В те времена народ был попроще и всегда какая-нибудь добрая душа клевала на мои штучки и ставила выпивку. Я мигом выдувал достаточно пойла, чтобы унять дрожь — а трясло меня как в лихорадке — и давай валять дурака, петь и плясать. А голоса у меня отродясь не было, да ещё огненной водой я давно сжег глотку, так что когда принимался орать песню, то самому казалось, что это ворон каркает, сзывает стаю на падаль.
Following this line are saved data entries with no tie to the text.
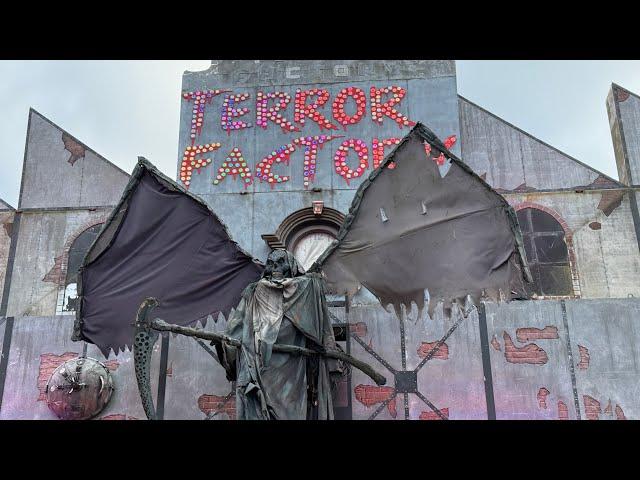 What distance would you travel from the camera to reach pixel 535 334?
9578mm

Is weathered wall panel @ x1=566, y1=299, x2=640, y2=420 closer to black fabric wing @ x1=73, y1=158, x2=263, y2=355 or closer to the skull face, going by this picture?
the skull face

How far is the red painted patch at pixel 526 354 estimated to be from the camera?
30.9 ft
Одну из таких вороньих песенок я разучил ещё в Санта-Фе. Помню хреново, но вроде говорилось в ней про маленького мула, так когда я орал её в Омахе, штат Небраска, то в салуне были какие-то парни, как раз погонщики мулов. Они тут же соорудили из тряпья и ремешков что-то вроде вьючного седла, нацепили его на меня и давай гонять на четвереньках вокруг стола да пинать под зад сапожищами. А один из них — самая подлая душонка — принес кнут с длинным ремешком и уже намылился хорошенько вытянуть меня по заднице, да так, чтобы кожа лопнула, как вдруг подходит к нему какой-то другой парень и говорит:
— Ну-ка, оставь его мне!
А тот гадёныш ему перечить — чёрта, мол, с два. В это время я рухнул на пол и смотрел на все на это как сквозь кровавый туман. И плевать мне было на то, отстегают меня или нет. Я и не помнил даже толком, как я в той Омахе оказался и какого чёрта я тут забыл. Но понимать-то понимаю, что действительно заслужил я хорошую трепку.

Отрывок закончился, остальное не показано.